In the present work, we construct a model of porous amorphous NiTi through rapid cooling of a low-density liquid melt. The effect of uniaxial tension, uniaxial compression and uniform shear on the porous amorphous samples with different porosity is studied. We show that the mechanical characteristics of porous amorphous NiTi differ significantly from the mechanical properties of its crystalline analogue. This is confirmed by comparing our simulation results with the available experimental data.

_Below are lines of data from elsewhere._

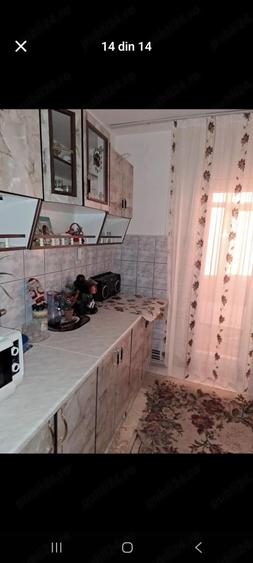 Inchiriez apartament cu doua camere - 2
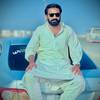 saeedulla163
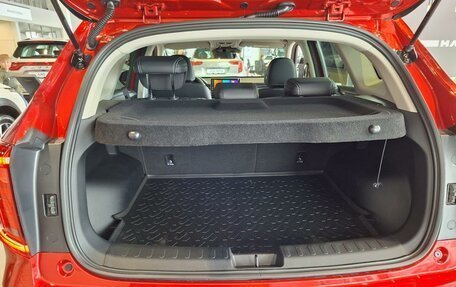 Haval Jolion, 2026 год, 2 799 000 рублей, 7 фотография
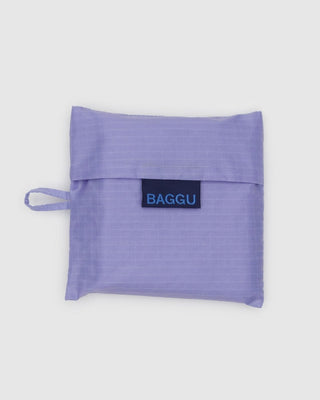BAGGU - Standard Baggu - Wisteria - COLORPOP
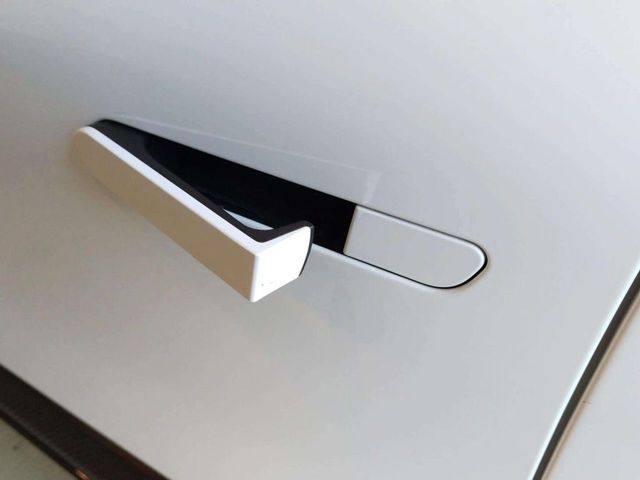 Renault Megane equilibre EV40 96kW (130CV) standard ch.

The ground crystalline state of NiTi at the temperature $T=0$ K is characterized by the B2 type cubic lattice. The Ni and Ti atoms are located inside the simulation box with the same length of edges $L_{x}=L_{y}=L_{z}\simeq 12.4$ nm. The periodic boundary conditions are applied in all the directions. The system consists of $N=109\,744$ atoms: $54\,872$ atoms of Ni and the same number of Ti atoms. Interaction energies between the atoms are determined by the modified embedded-atom method (MEAM) potential developed by Ko et al. for NiTi [39]. As found before in Ref. [40], this potential correctly reproduces the structural and dynamic properties of NiTi.

According to the MEAM formulation [41]], the total energy $E$ of the considered many-particle system is determined as

$$E=\sum_{i=1}\left(F_{i}(\bar{\rho}_{i}(r))+\frac{1}{2}\sum_{j\neq i}^{N}\phi_{ij}(r)\right).$$

(1)

Here, $\phi_{ij}(r)$ is the pair interaction between atoms $i$ and $j$ separated by a distance $r$. The embedding function $F_{i}(\bar{\rho}_{i}(r))$ is defined in the form

$$F_{i}(\bar{\rho}_{i}(r))=AE_{s}\bar{\rho}_{i}(r)\ln\bar{\rho}_{i}(r).$$

(2)

The parameter $A$ is the scaling factor for the embedding function and $E_{S}$ is the sublimation energy. The effective electron density $\bar{\rho}_{i}(r)$ is given by

$$\bar{\rho}_{i}(r)=2\rho_{i}^{(0)}(r)\left[1+\exp\left(-\sum_{l=1}^{3}t^{(l)}\left[\frac{\rho_{i}^{(l)}(r)}{\rho_{i}^{(0)}(r)}\right]^{2}\right)\right]^{-1},$$

(3)

where $\rho_{i}^{(0)}(r)$ is the spherically symmetric partial electron density; $\rho_{i}^{(l)}(r)$ ($l=1,\,2,\,3$) are the angular contributions (see Ref. [41]). According to Ref. [41], the quantities $\rho_{i}^{(0)}(r)$ and $\rho_{i}^{(l)}(r)$ depend on the atomic electron density $\rho_{j}^{a(l)}(r)$ of $j$th atom at a distance $r$ from $i$th atom:

$$\rho_{j}^{a(l)}(r)=\exp\left(-\beta^{(l)}\left[\frac{r}{r_{e}}-1\right]\right).$$

(4)

Here, $t^{(l)}$ and $\beta^{(l)}$ represent the weight factors and the dumping coefficients for the partial electron densities; $r_{e}$ is the equilibrium nearest-neighbor distance in an equilibrium reference structure. In the MEAM, only the first nearest-neighbor interactions are considered. Therefore, the pair potential $\phi(r)$ between two atoms separated by a distance $r$ is defined in the form

$$\phi(r)=\frac{2}{Z}\left[E^{u}(r)-F(\bar{\rho}_{0}(r))\right],$$

(5)

where

$$E^{u}(r)=-E_{S}(1+\alpha+d\alpha^{3})e^{-\alpha},$$

(6)

$$\alpha=\left(\frac{9BV}{E_{S}}\right)^{1/2}\left[\frac{r}{r_{e}}-1\right].$$

(7)

Here, $E^{u}(r)$ is the universal function for a uniform expansion or contraction in the reference structure [42]; $Z$ is the number of nearest-neighbor atoms; $\bar{\rho}_{0}$ is the background electron density for the reference structure; $B$ is the bulk modulus; $V$ is the atomic volume of solid elements; $d$ is an adjustable parameter. The values of the quantities $t^{(l)}$, $\beta^{(l)}$, $r_{e}$, $E_{S}$, $A$, $B$, $V$ and $d$ are given in Ref. [39] for pure Ni and Ti systems as well as for NiTi alloy.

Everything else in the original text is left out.